Saturday 16 March 2019

A Yorkshire Cook and her Portugal Cakes


Portugal cakes 
Elizabeth Moxon is believed to have been the first Yorkshire woman to write and publish a cookery book. Entitled ‘English Housewifry’ and dating back to 1741, the book received a well deserved blue plaque in Pontefract in March 2019 as part of the ‘ 'Forgotten Women of Wakefield' project, following the hard work of Dream Time Creative team and the support of the Pontefract Civic Society. Featuring several hundred recipes, it proved very popular and ran to several editions over the next hundred years. Elizabeth has been described as trailblazer in English culinary writing and her book is thought to have paved the way for contemporary cookery authors such as Hannah Glasse in 1747. 
Intrigued by this Georgian cookery writer, I couldn’t wait to try out her recipes for my talk on Popular Georgian baking in Wakefield Library earlier in the month. I chose Portugal cakes. They are quite like French madeleines and Queen cakes. I used half the ingredients she states and this made around 3 dozen small cakes. I've suggested temperatures and timings for a modern oven.
Portugal cakes
½ lb/225g butter
4 eggs (use 4 yolks and 2 whites)
½ lb/225g plain flour
½ lb/225g caster sugar
½ lb/225g currants
2 tsps nutmeg
Caraway seed (optional)

Preheat the oven to 190C degrees and line trays with bun cases. Melt the butter gently over a low heat. Remove from the heat and pour into a mixing bowl. Add the eggs. Beat until frothy. Add the flour, sugar and currants and mix to form a batter. Spoon the batter into the bun cakes, filling them to two thirds. If you wish, sprinkle a few carraway seeds on top of each bun. Bake for around 14 to 16 minutes, until firm and golden brown. Let them cool in the tins for 5 minutes, then transfer them to a wire rack to cool.
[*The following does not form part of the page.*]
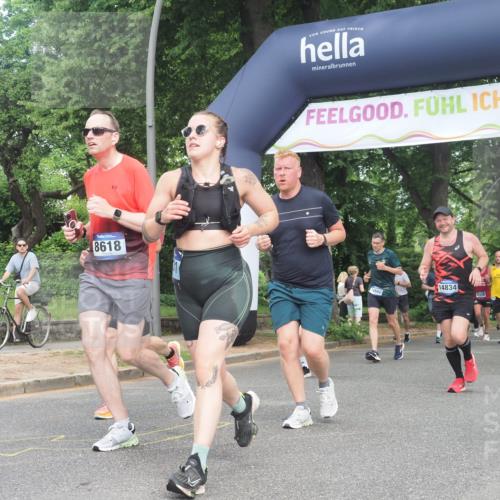 29.06.2025 - hella hamburg halbmarathon KatJ http://msf.ph/oto/8430561 29.06.2025 10:41:53 Zwischen KM18-KM19 1120, 1143, 2432, 3058, 3898, 6581, 6587, 8618 meine-sportfotos.de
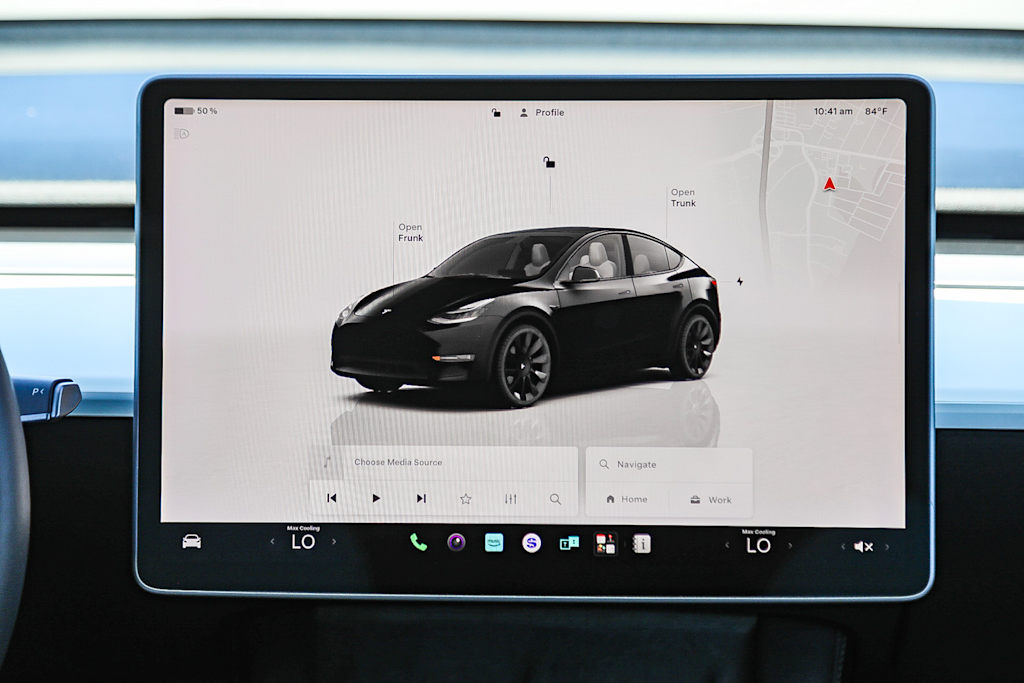 Thumbnail: 2022 Tesla Model Y - 12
Here’s Elizabeth’s original recipe from her book which has been on display in Pontefract Library :
Extract from English Housewifery by Elizabeth Moxon

246. _To make_ PORTUGAL CAKES.
Take a pound of flour, a pound of butter, a pound of sugar, a pound of currans well cleaned, and a nutmeg grated; take half of the flour and mix it with sugar and nutmeg, melt the butter and put it into the yolks
of eight eggs very well beat, and only four of the whites, and as the froth rises put it into the flour, and do so till all is in; then beat it together, still strowing some of the other half of the flour, and then beat it till all the flour be in, then butter the pans and fill them, but do not bake them too much; you may ice them if you please, or you may strow carraway comfits of all sorts on them when they go into the oven. The currans must be plump'd in warm water, and dried before the fire, then put them into your cakes.
Guests at the unveiling of the Blue Plaque ceremony, tasted the delights of other Georgian baking from Elizabeth Moxon's book: Gingerbread, Cracknell biscuits and Seed cake. It was a great privilege to attend the commemorations for this enigmatic cookery writer.